NFL: New leaders emerge for Panthers defense
By Mike Cranston
SPARTANBURG, S.C. ó When the Carolina Panthers opened training camp last year, rookie Jon Beason skipped workouts in a contract dispute, safety Chris Harris played for the Chicago Bears and Damione Lewis was a backup defensive tackle.
When the team took the field for Tuesday’s workout, the three players were clearly the leaders at their position, barking instructions, encouraging teammates and leading drills.
After the retirement of veterans Mike Minter, Mike Rucker and Dan Morgan in the past 12 months, Beason, Harris and Lewis have become the face of Carolina’s new-look, young defense.
“We’re the most vocal guys, but the defense is really new,” Beason said Tuesday. “There are a lot of new faces. I think we enjoy each other, we trust each other and we know we could be as good as we want to. I think everyone has taken that challenge.”

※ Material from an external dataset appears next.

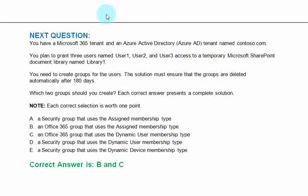Note, each correct selection is worth one point. Option A. A security group that uses the assigned membership type. Option B. An office 365 group that uses the assigned membership type. Option C. An office 365 group that uses the dynamic user membership type. Option D. A security group that uses the dynamic user membership type. Option E. A security group that uses the dynamic device membership type. The correct answer is option B and C.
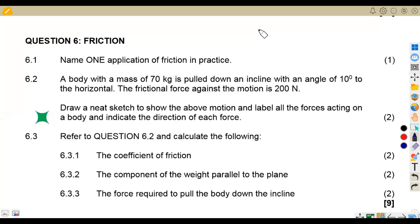Hello, guys. Welcome back to Maths on African Motives, still on Engineering Science N2. In this platform, we've got a question on friction from the question paper of November 2022 that we are going to focus on, working on each and every question on question six.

The 23-year-old Beason overcame missing the first eight days of camp last year to set a team-record 160 tackles. Moving to middle linebacker after Morgan’s season-ending Achilles’ tendon injury, he quickly earned the respect of his teammates. His leadership role was cemented late in the season when coach John Fox asked him to give the pregame speech before a game against Dallas.
Beason responded with a stirring talk about his love for the game and the significance of facing the storied Cowboys.
“Since I have been in the league, and that’s seven years, he gave a speech from a player or a coach I have never heard before,” cornerback Ken Lucas said. “It’s one of those Martin Luther King Jr. type of speeches when he got done. It had that feel. Everybody looked at each other like man, that was a powerful speech. He gives that type of energy. He’s a natural leader.”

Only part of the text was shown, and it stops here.